My word for this year is “curiosity.” I’ve never chosen a word for the year before, and I really didn’t have plans to pick a word this year. But this word, “curious” or some form of it, kept coming up over and over again. And yesterday, as it popped into my head once more, I thought, God is trying to tell me something.
I know lots of people who pick a word every year. And usually it serves a good purpose for them. For some, it simply makes them intentional to look for something, like my friend Ellen, who picked the word “Joy” the year after her husband passed. It helped her look for, and find joy everywhere.
Other people pick words to help shape themselves. Like one friend who picked the word “compassionate” one year, in order to cultivate more compassion for others. And another friend, picked the word “grace,” not for others, so much, as to cultivate grace for herself. She said it really helped get rid of the negative self-talk.
Some people post the word somewhere prominent to remind themselves of their intention. Some write a few lines in their journal reflecting on their word, each day or week. Some pray over their word and ask God to use it to shape their soul. I plan to pray and journal about my word.
I’m guessing, you might be curious about why I chose this word. (See what I did there?) Why would someone want to be intentional about curiosity? As I said earlier, this word kept popping up in some form or another recently. But first…
How many of you grew up with the phrase, “Curiosity killed the cat?” Me too. I was trained (intentionally or not) that curiosity was not a good thing. Being curious somehow implied that the person was digging into another’s business, or getting into something that didn’t belong to them. And as a person with a degree in child development, this couldn’t be more wrong. We should encourage curiosity in our children, it is one of the greatest learning tools we have. Instead, our education system is built to deny curiosity, which may be one of the major problems with it. But I digress.

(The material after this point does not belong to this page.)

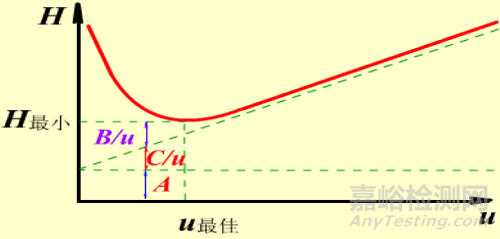 气相色谱如何有效地进行分离条件优化？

I never thought much about my contrary understanding of curiosity, it was just there in my unconscious paradigm. Then a while back, in a seminary class on Pastoral Care, we were instructed that one way to listen well is to stay curious. In other words, instead of letting your mind wander when you should be listening to someone, be curious about what they are saying. Not in an analytical way (that is part of pastoral counseling for sure), but in a wonderment and fascination sort of way. Become curious about the details, or the person as they share the story, or the unique aspects of the perspective. I found it to be a very helpful tool in active listening. It leads to questions and usually an insightful discussion. I have had to practice it, but curiosity has served me well in many, many pastoral conversations since then.
This weekend, I was preaching about the Magi (wisemen) from the Bible. You know – the ones who traveled from the East to present the new baby Jesus with gold, frankincense and myrrh. Anywhoo, the message was about how King Herod and the Magi responded differently to the news of the “King of the Jews” being born. Herod was overcome with fear, he was afraid of losing his status, wealth, and power to this new King. The Magi, on the other hand, responded with awe, curiosity, and a longing to find out if this story was true. They followed that star for many miles and many days to find this new baby.
And it dawned on me while I was preaching, that a lack of curiosity is one thing sorely missing in our society today. And not just in the education system.
What if, when we encountered someone different from us, a different idea, or a different point of view, we became curious? What if, instead of defensiveness, listening only long enough to get our word in, or attacking the other, what if we got curious instead? What if, instead of the immediate assumption that different = wrong, we assumed everyone is doing the best with the information they have, and let curiosity about the other person, idea, or point of view take over? What if we asked ourselves and the other, questions like, “I wonder why they think this way?” “I’d like to hear more about your reasoning.” “What sort of background do you have?” “I wonder if there is another side to this.” “I wonder if we have more in common than not.”
What if the simple, though not necessarily easy, stance of curiosity, wonder, and fascination with one another could stop some of the major discord and hate in our world?
That idea struck me as a good idea for my own soul, in trying to understand others and their perspectives. Not just in pastoral conversations, but in everyday encounters. Sometimes I forget that everyone is doing the best they can, and sometimes my initial instinct is to make assumptions about others, instead of remaining open.
So, the idea to choose a word, this word (curiosity), as my word for the year was beginning to cement. I was praying about it. And then, yesterday afternoon, I was reminded of a quote by the great Ted Lasso, “Be curious not judgmental.” I think God often speaks through Ted. How about you?
What a great word! I try to approach life with curiosity and often challenge my kids to start with curiosity instead of anger or frustration.